If you are a business owner, this question is by far the most crucial – and so below, we’ve sought to answer it, by providing a list of five tips that can help you both hire and retain staff even when unemployment levels are low.
#1 – Provide written employment contracts
Written employment contracts have fallen out of fashion in recent years, with employers preferring “at will” contracts that are more flexible – the employee can quit whenever they choose, and the employer can dismiss the employee at any time, provided their reason for doing so is not illegal.
However, written employment contracts are definitely beneficial for employees, as they offer robust job security. Prospective employees will be attracted to any job posting that provides a long-term, formal written contract, while existing employees will be less likely to leave a job with a written contract, especially if other employers will only offer “at will” contracts. As a result, written contracts mean that everyone benefits: your staff enjoy security, and your business’s ability to hire and retain staff increases.
#2 – Shorten probationary periods for new employees
Probationary periods are tough for new employees, causing a kind of ‘suspended animation’ – they might have a long-term job, but they also might not. This uncertainty is generally disliked, especially for probationary periods that stretch for up to six months.
Realistically, a three-month probationary period provides plenty of time to assess an employee’s skills and ensure they are suitable for the job. Alternatively, if a role is particularly complex and you need longer to evaluate your new employee, opt for a shorter probationary period as mentioned, but then only initially offer an “at will” contract for a longer period. You can then offer a full written contract after a set period, informing any new candidates of this arrangement during interviews.
#3 – Offer retirement benefits
Fuelled by multiple stories in the media about how much of the modern workforce tends to be unprepared for retirement, many people have made retirement benefits a specific focus when considering their career options.
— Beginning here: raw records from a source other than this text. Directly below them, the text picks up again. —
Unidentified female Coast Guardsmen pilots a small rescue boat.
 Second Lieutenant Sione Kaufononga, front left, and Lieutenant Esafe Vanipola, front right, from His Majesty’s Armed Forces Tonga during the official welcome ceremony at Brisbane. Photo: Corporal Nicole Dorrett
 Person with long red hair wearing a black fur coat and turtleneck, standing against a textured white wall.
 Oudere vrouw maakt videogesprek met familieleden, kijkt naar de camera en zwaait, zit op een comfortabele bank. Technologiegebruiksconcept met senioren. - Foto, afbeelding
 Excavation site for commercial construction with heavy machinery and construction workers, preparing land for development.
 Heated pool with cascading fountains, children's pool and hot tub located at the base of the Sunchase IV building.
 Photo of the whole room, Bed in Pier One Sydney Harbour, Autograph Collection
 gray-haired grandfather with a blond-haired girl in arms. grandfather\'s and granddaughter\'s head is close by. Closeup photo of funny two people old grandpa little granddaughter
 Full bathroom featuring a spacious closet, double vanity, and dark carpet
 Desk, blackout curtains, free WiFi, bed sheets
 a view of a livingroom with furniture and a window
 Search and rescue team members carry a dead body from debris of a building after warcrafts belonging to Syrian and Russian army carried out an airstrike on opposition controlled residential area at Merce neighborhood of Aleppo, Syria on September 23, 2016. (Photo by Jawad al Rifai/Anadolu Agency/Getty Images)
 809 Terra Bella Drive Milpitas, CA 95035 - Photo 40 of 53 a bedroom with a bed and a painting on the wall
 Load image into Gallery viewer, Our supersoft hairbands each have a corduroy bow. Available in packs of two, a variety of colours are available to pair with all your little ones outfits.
To keep pace with workers who factor their post-career life into their present-day working concerns, it’s best to look for a specialist company that is experienced in providing group retirement planning and similar services, then formulate a customized plan that is suitable for both your business and your employees. Furthermore, when your plan is in place, advertise this fact in your job recruitment adverts and on your website to catch the eye of prospective employees.
#4 – Allow remote working
Over the past ten years, remote working has moved from a rather odd concept that few businesses implemented to a mainstream norm. There are two reasons in particular for this change: technology advancements have made remote working more viable, and secondly, employees simply like having the opportunity to work from home rather than having to commute to an office every day.
It is also worth noting that, in addition to attracting and retaining employees, remote working is actually beneficial for businesses, too – so there really is every reason to consider making a change.
#5 – Break away from the weekday/weekend structure
A conventional working pattern is five days “on” and then two days – usually Saturday and Sunday – off. Unfortunately, this working pattern may be well-established, but it’s far from beloved – which means you could seize the opportunity to do something different.
For example, you could consider switching to a four-day week, wherein employees work for 10 hours Monday to Thursday and then enjoy a three-day weekend. Alternatively, you could move to a rotating pattern; for example, employees work for seven days in a row, then have seven days off. A huge number of employees will embrace these innovative working patterns, and your business doesn’t need to suffer: employees will still, across the course of a year, work the same number of hours – just arranged a little differently than has been seen as “normal”.
Low unemployment levels can be detrimental for businesses due to their impact on the ability to hire and retain staff. However, with the measures above, you should be able to ensure your business enjoys only the positives of low unemployment; a rise in workload and custom, which in turn results in higher profitability overall.